Music, it turns out, is a great equalizer. Soldiers and civilians, Jews and Arabs, men and women, young people and the elderly, Ashkenazim and Mizrahim, religious and secular, immigrants and native-born Israelis all sit down to play. And an enormous number of them play with great talent and intensity, in virtually every style of music there is. Even those who are far from being professional musicians are charming and engaging. 
In one particularly arresting moment, a soldier who looks to be of Ethiopian descent plays a rousing jazz improvisation as an older Ashkenazi man looks on in fascination. Few of the pianists play exactly what you would guess they were going to. As the passersby stop to play, others stop to watch and listen, while many more ask the station information clerk questions, argue with a guard or simply rush past.
“What surprised me most, at the end of the day, is that you don’t know who the music is going to come from,” he said.
Yagoda, who has made documentaries on a number of offbeat subjects such as hospice care, said he discovered this subject by chance when his daughter lost something on a train and he went to the Israel Railways Lost and Found at that station. He noticed the piano for the first time when a soldier sat down to play classical music. Besides the beauty of the music, another thought occurred to him. “He was in a private world in a public place,” said Yagoda.

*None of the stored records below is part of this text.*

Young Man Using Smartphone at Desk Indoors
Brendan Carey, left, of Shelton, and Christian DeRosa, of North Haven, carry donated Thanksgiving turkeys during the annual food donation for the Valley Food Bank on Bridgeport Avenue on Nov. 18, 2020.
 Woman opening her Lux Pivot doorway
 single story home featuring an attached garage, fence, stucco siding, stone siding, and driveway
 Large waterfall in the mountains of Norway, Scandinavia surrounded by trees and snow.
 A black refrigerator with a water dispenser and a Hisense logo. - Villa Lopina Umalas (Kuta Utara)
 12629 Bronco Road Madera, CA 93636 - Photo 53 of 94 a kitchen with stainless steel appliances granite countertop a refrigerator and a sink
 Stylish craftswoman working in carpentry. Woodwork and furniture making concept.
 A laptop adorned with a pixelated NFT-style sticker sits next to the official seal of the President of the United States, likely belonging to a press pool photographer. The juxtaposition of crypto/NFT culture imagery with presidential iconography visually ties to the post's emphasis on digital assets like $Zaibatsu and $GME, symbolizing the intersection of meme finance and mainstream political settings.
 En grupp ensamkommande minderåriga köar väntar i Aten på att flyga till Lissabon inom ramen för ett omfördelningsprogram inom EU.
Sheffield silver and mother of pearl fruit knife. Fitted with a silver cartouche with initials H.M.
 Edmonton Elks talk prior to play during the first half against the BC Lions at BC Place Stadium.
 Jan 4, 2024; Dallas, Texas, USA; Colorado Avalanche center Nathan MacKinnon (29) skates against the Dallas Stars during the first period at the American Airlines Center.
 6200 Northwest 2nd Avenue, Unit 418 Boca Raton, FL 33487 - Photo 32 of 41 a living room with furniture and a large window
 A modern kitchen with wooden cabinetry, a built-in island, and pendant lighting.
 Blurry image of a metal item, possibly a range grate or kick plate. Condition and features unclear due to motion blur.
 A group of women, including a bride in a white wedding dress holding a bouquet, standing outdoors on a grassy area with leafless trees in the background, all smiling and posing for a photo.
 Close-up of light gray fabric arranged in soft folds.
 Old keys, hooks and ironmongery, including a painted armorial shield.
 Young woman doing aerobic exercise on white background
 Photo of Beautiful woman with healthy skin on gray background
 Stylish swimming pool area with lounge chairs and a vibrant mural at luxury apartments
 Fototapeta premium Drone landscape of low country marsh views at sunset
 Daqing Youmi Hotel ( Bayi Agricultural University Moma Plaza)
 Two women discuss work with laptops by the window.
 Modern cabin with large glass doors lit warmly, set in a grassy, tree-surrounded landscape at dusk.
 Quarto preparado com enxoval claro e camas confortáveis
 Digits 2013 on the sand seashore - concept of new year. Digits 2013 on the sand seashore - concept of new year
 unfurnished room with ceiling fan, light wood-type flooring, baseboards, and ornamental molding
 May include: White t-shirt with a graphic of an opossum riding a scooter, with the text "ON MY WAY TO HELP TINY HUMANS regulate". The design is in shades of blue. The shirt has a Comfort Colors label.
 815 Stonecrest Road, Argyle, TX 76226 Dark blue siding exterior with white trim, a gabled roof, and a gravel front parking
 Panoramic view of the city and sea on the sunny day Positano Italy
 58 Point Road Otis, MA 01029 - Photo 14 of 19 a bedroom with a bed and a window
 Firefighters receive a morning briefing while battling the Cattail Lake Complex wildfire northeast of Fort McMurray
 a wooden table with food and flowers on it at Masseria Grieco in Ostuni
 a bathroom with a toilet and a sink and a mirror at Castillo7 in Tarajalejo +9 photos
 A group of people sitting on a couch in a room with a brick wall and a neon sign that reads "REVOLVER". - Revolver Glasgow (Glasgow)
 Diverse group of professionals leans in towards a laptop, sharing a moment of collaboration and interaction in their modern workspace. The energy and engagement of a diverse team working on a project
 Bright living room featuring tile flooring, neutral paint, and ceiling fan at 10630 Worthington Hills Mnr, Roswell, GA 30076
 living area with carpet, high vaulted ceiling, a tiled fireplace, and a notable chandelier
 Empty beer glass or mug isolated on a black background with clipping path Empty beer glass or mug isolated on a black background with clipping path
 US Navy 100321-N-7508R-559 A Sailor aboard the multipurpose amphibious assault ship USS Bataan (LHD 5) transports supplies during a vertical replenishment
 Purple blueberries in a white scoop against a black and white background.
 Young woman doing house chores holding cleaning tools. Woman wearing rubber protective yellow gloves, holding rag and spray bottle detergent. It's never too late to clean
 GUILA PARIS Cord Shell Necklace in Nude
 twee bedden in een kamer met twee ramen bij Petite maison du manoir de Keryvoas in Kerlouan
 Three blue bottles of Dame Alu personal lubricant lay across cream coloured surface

“I was interested in how people react to each other, so I didn’t speak to anyone who played, I just let them sit down,” said Yagoda. The cameras were relatively far away and there were microphones placed in the piano. “We wanted to bother them as little as possible.”
As soon as they finished playing, though, “I ran after them to get permission.” Sometimes it was a real race, because, as Yagoda noted, “When do people stop playing and go? When it’s time for their train. So I ran with them to the train.”
Most of the piano players did give their permission, although a few, mostly soldiers declined. But in the end, the documentary, which was filmed over the course of two years, features the people who tell the non-linear story of the life of one of Israel’s busiest train stations. 
“I wanted to see what music gives to the place,” he said. “Sometimes in a place where you think nothing is going to happen, something happens.”
What happens in the film are intense – if brief moments of connection between the musicians and the instrument, the players and the passersby. Told that I found myself wondering about the life stories of the musicians in the film – where they were from, where they studied music, where they were going – Yagoda was pleased. 
“The film turns you into an autodidact,” he said. “You make up stories about them in your head.”
It’s rare to see a movie that truly changes the way you see the world, but Tuning will do that for many viewers. Yagoda said he hoped it would encourage people to take off their headphones, stop for a minute and listen to something they were not expecting to hear.